Dafür sorgt neben der genialen Handlung auch ein angenehm unangepasster Soundtrack. Shameless-Music-Supervisor Ann Kline, die auch schon an anderen erfolgreichen Serien, wie The West Wing und Emergency Room gearbeitet hat, benutzt in dieser Serie eine weitläufige Auswahl unbekannter Songs, bei denen vielen Fans von Indie-, Punk- und Singer/Songwriter-Musik die Hose überraschend eng wird. Wie kommt man auf so eine originelle Musikauswahl und wie empfindet man es, an so einer ausgefallenen—sprich: abgefuckten—Serie zu arbeiten?
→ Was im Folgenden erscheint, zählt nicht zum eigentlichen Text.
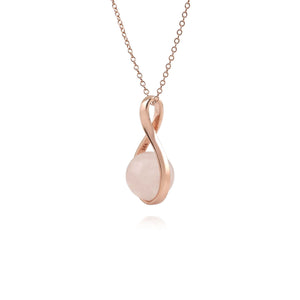 Kosmos Rose Quartz Ball Shaped Pendant in Rose Gold Plated Sterling Silver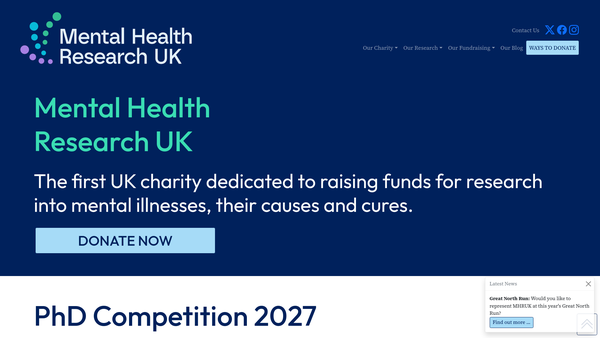 Screenshot of the Mental Health Research UK website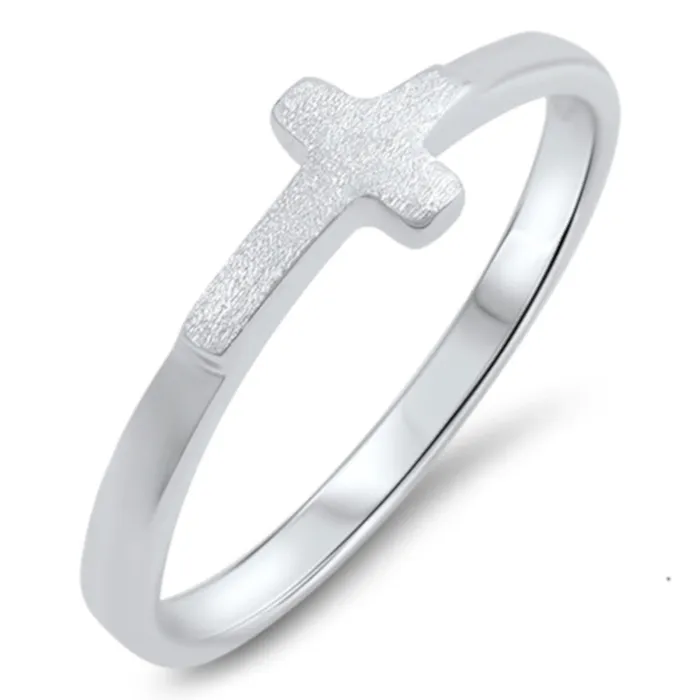 North Arrow Shop Rings Small Silver Sideways Cross Ring with High Polish Finish and Gift Box North Arrow Shop Rings Small Silver Sideways Cross Ring with High Polish Finish and Gift Box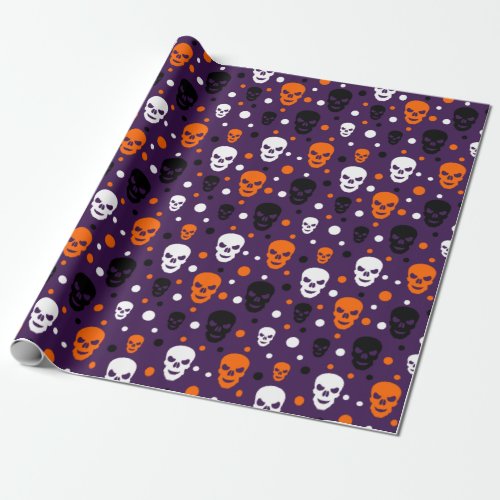 Colorful Halloween Skulls Polka Dots Pattern Wrapping Paper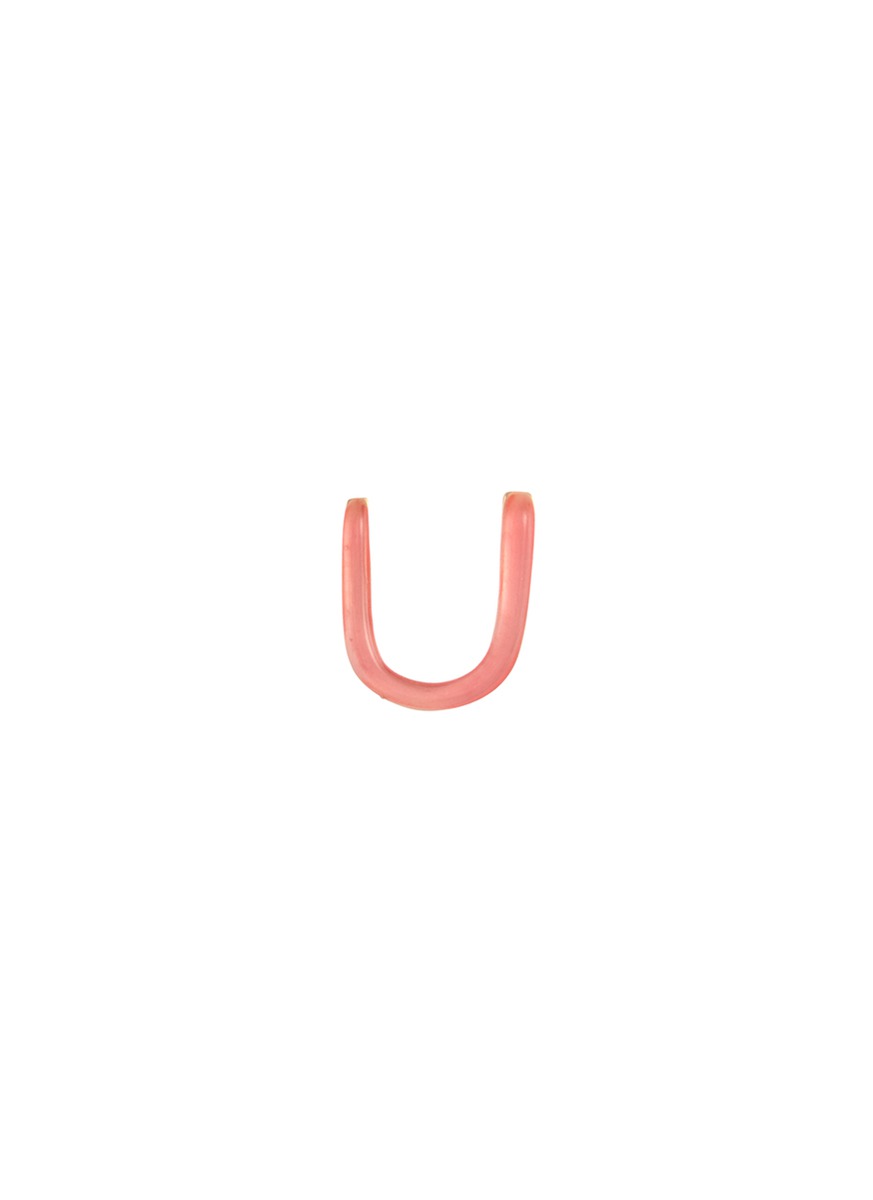 Enamel letter charm – U - Loquet London - Metallic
Genau das wollten wir wissen und haben Ann Kline in ihrer Heimat L.A. angerufen, um herauszufinden, ob sie wirklich so einen guten Musikgeschmack hat.

Noisey: Ich hab gelesen, dass du einen Sohn hast. Darf der überhaupt Shameless schauen?
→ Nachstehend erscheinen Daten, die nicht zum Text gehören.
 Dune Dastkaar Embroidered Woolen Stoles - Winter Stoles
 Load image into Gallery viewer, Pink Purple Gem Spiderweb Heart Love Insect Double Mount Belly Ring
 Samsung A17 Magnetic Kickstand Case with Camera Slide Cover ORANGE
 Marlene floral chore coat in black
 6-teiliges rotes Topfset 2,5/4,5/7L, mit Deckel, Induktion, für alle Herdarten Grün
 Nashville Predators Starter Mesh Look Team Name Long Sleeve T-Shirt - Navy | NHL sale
Ann Kline: Nein, das erlaube ich nicht, da mein Sohn erst elf Jahre alt ist. Vielleicht erlaube ich es ihm in ein paar Jahren, aber nicht jetzt.

Die Musik zu einer Serie, wie Shameless auszusuchen, hört sich nach einem verdammt chilligen Job an. Siehst du das auch so?
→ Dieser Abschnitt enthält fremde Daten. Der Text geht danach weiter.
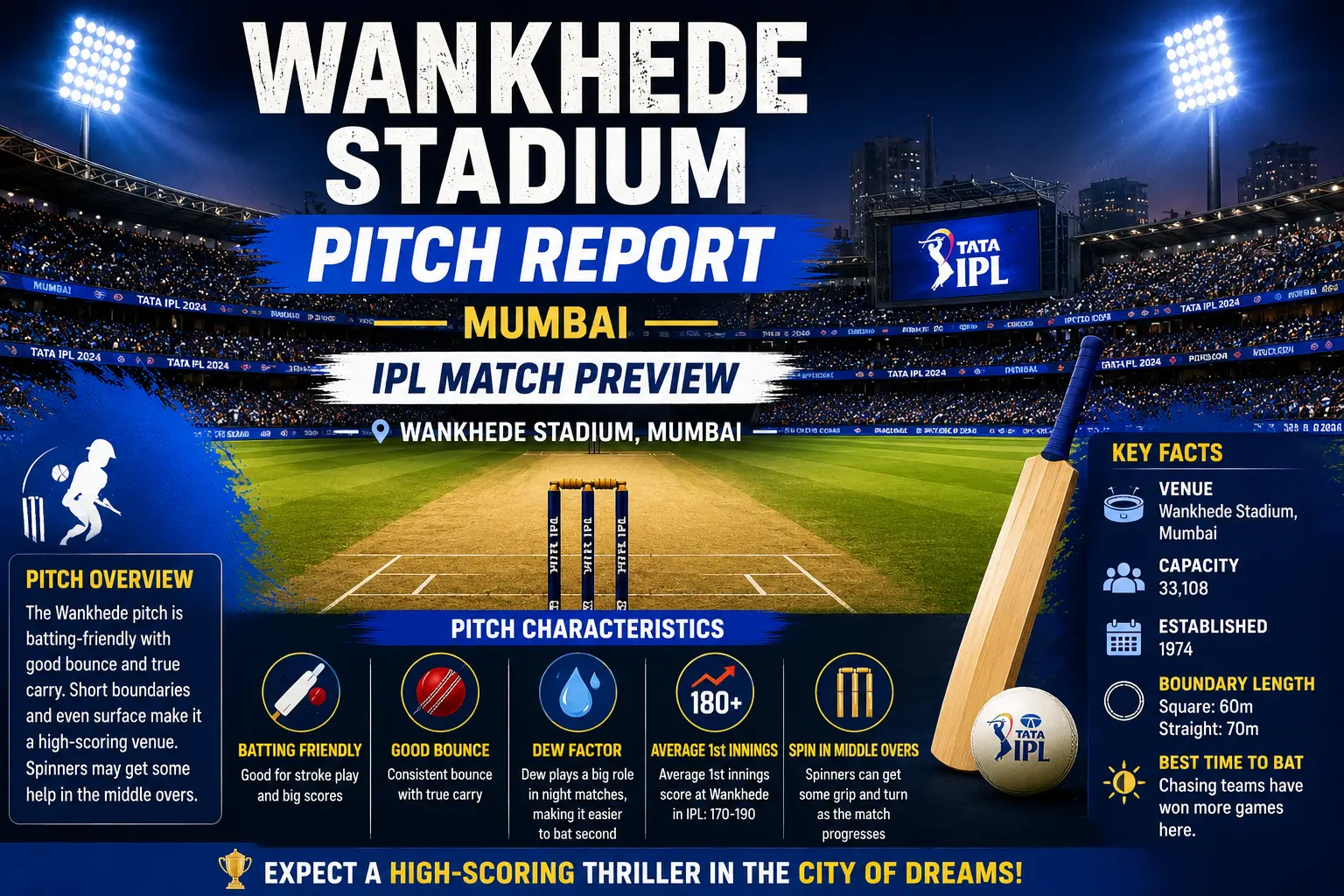 Wankhede Stadium pitch report before IPL match in Mumbai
Es ist wirklich ein harter Job, aber auch irgendwie Spaß, da ich jeden Tag einen Haufen an neuen Indie-Bands kennenlerne. Man hat nicht so oft die Möglichkeit an einer Serie zu arbeiten, die sich so weit unbekannten Songs und Bands öffnet. Es gibt viele Künstler zu entdecken, aber genauso auch Musik, die einfach nicht funktioniert als Soundtrack. Ich würde weniger sagen, dass es stressig ist, eher manchmal schwierig.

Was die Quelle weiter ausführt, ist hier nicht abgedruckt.